___ DATA TO PROCESS ___

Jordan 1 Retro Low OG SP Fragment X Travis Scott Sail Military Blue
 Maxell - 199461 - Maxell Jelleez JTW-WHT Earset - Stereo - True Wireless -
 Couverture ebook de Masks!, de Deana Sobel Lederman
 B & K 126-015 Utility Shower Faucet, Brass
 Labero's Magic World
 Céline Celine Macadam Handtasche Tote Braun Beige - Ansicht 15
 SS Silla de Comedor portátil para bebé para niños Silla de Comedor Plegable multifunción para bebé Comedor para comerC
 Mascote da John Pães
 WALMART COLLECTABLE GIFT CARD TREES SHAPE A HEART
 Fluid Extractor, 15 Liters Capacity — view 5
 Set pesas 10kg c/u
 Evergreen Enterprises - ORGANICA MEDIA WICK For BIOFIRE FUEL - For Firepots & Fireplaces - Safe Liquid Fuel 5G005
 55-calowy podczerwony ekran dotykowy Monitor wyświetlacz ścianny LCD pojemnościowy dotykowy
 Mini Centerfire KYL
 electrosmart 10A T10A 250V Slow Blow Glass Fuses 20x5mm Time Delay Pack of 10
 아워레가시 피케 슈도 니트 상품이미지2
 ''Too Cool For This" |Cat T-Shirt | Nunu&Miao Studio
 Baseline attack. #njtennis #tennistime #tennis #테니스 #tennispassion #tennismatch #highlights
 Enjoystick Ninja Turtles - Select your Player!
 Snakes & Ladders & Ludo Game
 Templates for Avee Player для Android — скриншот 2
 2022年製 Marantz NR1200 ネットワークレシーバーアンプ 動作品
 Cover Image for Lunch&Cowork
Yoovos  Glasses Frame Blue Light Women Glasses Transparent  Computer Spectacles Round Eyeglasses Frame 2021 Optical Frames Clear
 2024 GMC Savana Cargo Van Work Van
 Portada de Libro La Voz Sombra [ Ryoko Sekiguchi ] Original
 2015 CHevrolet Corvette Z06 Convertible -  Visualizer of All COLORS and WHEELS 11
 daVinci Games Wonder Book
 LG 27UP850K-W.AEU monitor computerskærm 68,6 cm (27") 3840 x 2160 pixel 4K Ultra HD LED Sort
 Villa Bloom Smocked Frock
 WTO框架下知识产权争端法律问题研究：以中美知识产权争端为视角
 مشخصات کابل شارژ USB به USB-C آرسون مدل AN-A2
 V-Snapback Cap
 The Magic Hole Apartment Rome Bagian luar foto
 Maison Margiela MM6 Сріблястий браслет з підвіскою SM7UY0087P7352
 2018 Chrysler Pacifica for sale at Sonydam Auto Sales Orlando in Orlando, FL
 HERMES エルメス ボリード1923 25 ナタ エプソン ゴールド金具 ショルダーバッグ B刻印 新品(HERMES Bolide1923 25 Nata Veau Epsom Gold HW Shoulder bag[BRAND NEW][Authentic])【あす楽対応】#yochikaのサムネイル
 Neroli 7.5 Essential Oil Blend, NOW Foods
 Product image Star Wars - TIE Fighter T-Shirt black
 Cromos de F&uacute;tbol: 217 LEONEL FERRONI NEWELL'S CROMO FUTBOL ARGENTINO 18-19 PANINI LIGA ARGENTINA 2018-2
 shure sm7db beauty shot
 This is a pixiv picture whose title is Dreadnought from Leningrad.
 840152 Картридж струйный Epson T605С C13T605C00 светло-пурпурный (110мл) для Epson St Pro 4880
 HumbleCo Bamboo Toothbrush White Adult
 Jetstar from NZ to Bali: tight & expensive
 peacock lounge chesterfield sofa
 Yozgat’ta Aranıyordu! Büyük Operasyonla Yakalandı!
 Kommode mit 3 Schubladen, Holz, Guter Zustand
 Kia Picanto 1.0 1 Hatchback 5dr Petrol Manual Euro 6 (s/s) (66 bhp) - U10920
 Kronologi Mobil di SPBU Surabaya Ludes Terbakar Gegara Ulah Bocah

___

### EXERCISE GOAL
Give back every line from the beginning of the records through the line holding "Mini Centerfire KYL", exactly as it reads, and leave out the rest.

### ANSWER TO THIS PROBLEM
Jordan 1 Retro Low OG SP Fragment X Travis Scott Sail Military Blue
 Maxell - 199461 - Maxell Jelleez JTW-WHT Earset - Stereo - True Wireless -
 Couverture ebook de Masks!, de Deana Sobel Lederman
 B & K 126-015 Utility Shower Faucet, Brass
 Labero's Magic World
 Céline Celine Macadam Handtasche Tote Braun Beige - Ansicht 15
 SS Silla de Comedor portátil para bebé para niños Silla de Comedor Plegable multifunción para bebé Comedor para comerC
 Mascote da John Pães
 WALMART COLLECTABLE GIFT CARD TREES SHAPE A HEART
 Fluid Extractor, 15 Liters Capacity — view 5
 Set pesas 10kg c/u
 Evergreen Enterprises - ORGANICA MEDIA WICK For BIOFIRE FUEL - For Firepots & Fireplaces - Safe Liquid Fuel 5G005
 55-calowy podczerwony ekran dotykowy Monitor wyświetlacz ścianny LCD pojemnościowy dotykowy
 Mini Centerfire KYL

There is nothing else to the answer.